◆ **THE TASK**: The output must match the entries below exactly, with pictures removed.

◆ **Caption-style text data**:
______

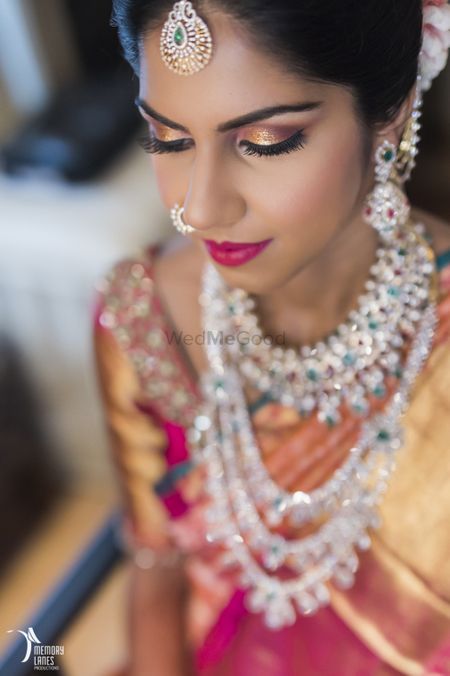 Photo of South Indian bride with gold eyes and emerald and diamond jewellery
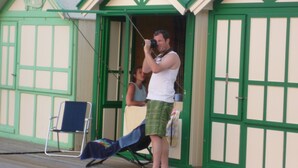 A man taking a photo with a camera in front of a building labeled "HURT" and "BRIGHTON". - Rose de Picardie in BAIE DE SOMME 3 minutes from the beach and shops (Cayeux-sur-Mer)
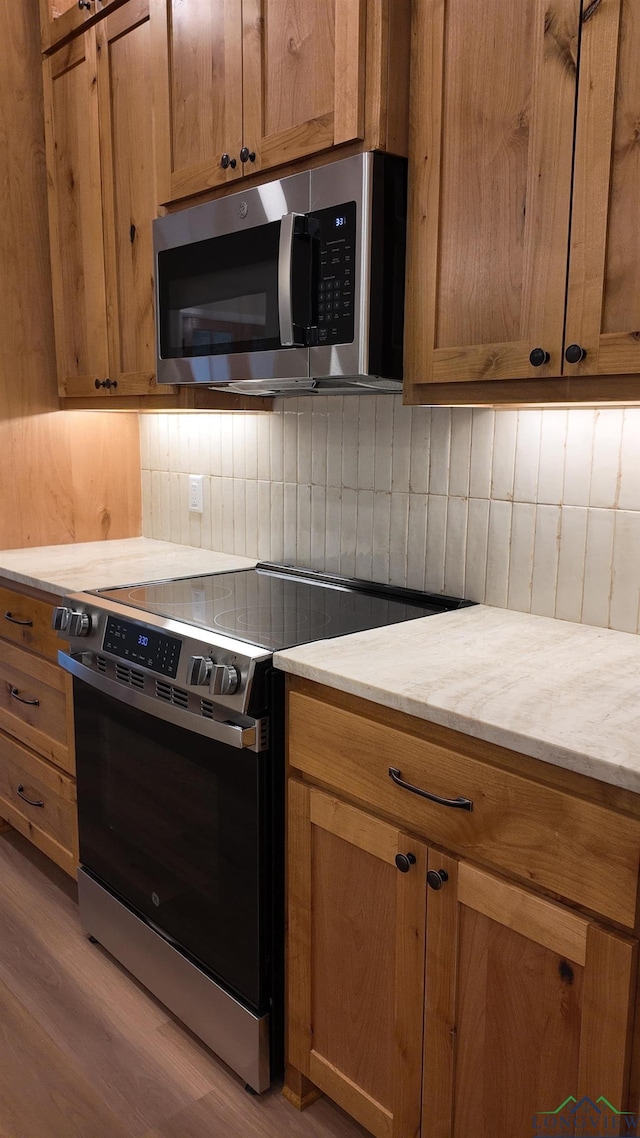 kitchen featuring stainless steel appliances, brown cabinetry, light wood-style floors, and decorative backsplash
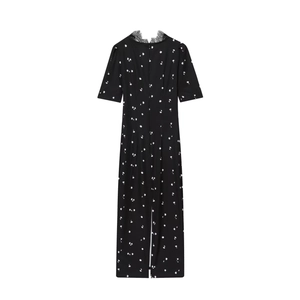 Close-up of elegant V-neckline with black lace trim and white floral pattern detail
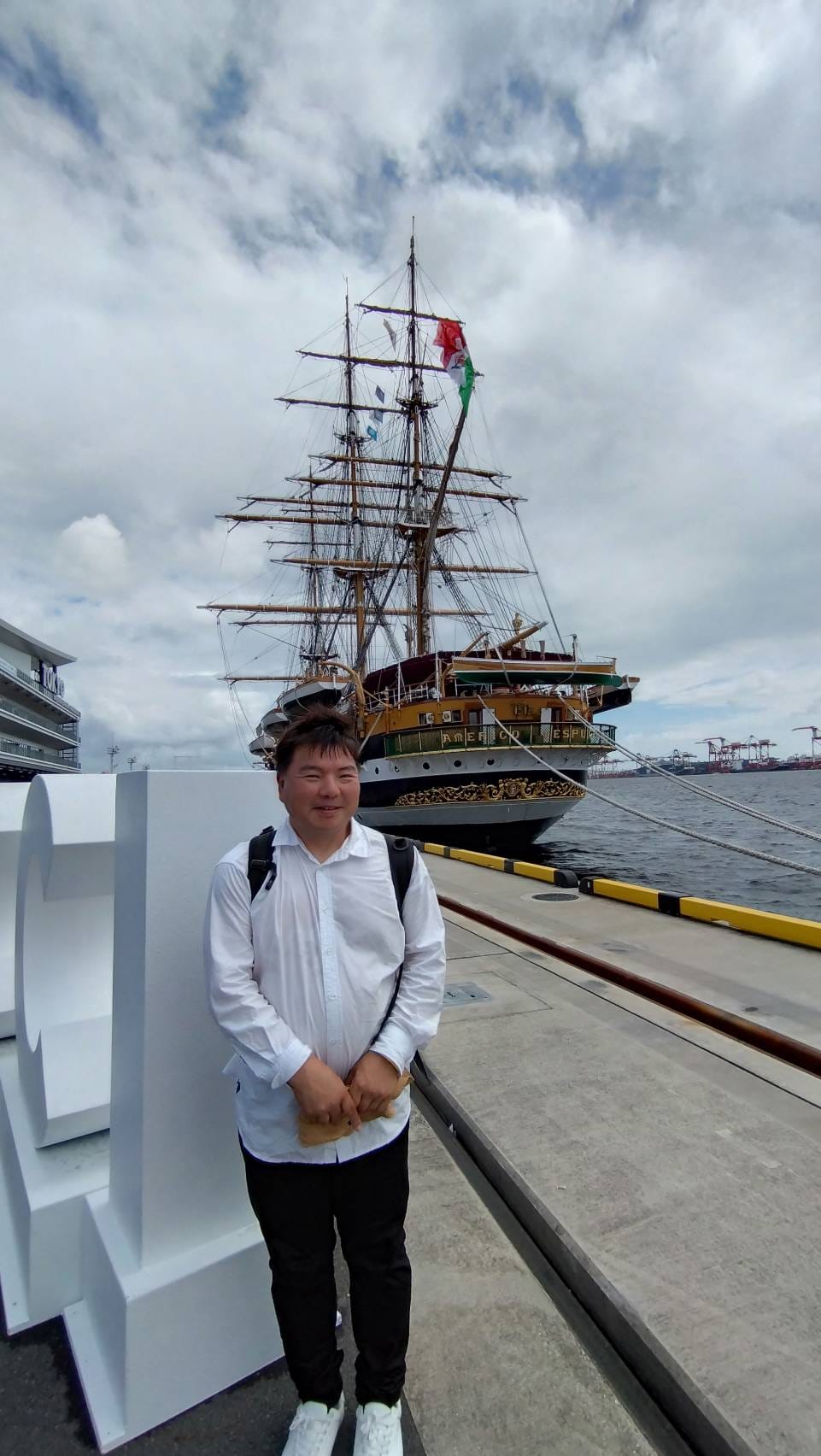 東京国際クルーズターミナルにて、アメリゴ・ヴェスプッチを背景に立つ榊原平。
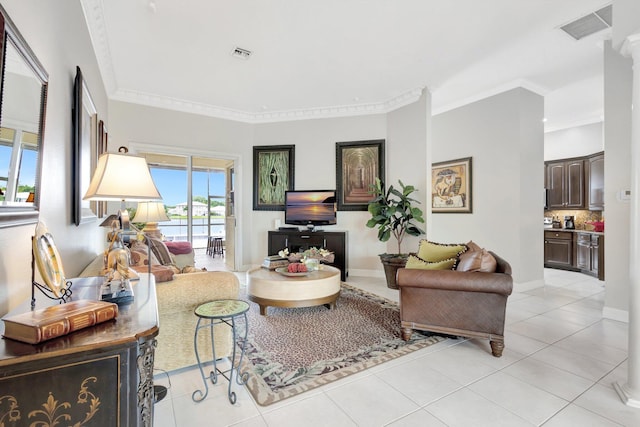 living room with light tile patterned floors, visible vents, and crown molding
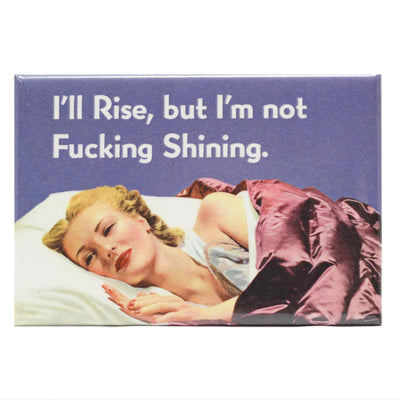 1950s looking girl in bed with the text "I'll Rise, but I'm not fucking shining" on a rectangle refrigerator magnet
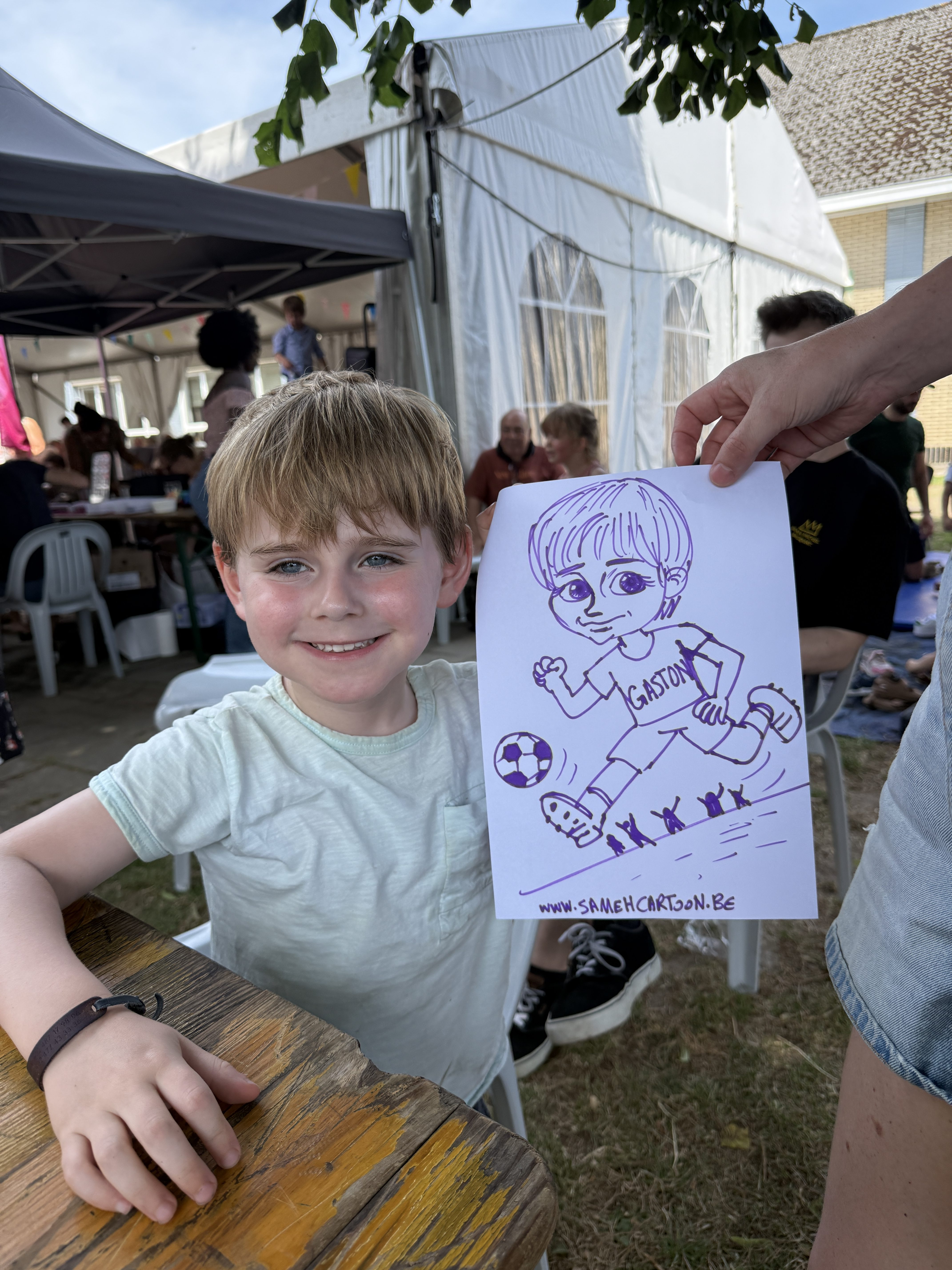 Child smiling with a football-themed caricature drawing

______

◆ **ANSWER TO THIS TASK**:
 Photo of South Indian bride with gold eyes and emerald and diamond jewellery
 A man taking a photo with a camera in front of a building labeled "HURT" and "BRIGHTON". - Rose de Picardie in BAIE DE SOMME 3 minutes from the beach and shops (Cayeux-sur-Mer)
 kitchen featuring stainless steel appliances, brown cabinetry, light wood-style floors, and decorative backsplash
 Close-up of elegant V-neckline with black lace trim and white floral pattern detail
 東京国際クルーズターミナルにて、アメリゴ・ヴェスプッチを背景に立つ榊原平。
 living room with light tile patterned floors, visible vents, and crown molding
 1950s looking girl in bed with the text "I'll Rise, but I'm not fucking shining" on a rectangle refrigerator magnet
 Child smiling with a football-themed caricature drawing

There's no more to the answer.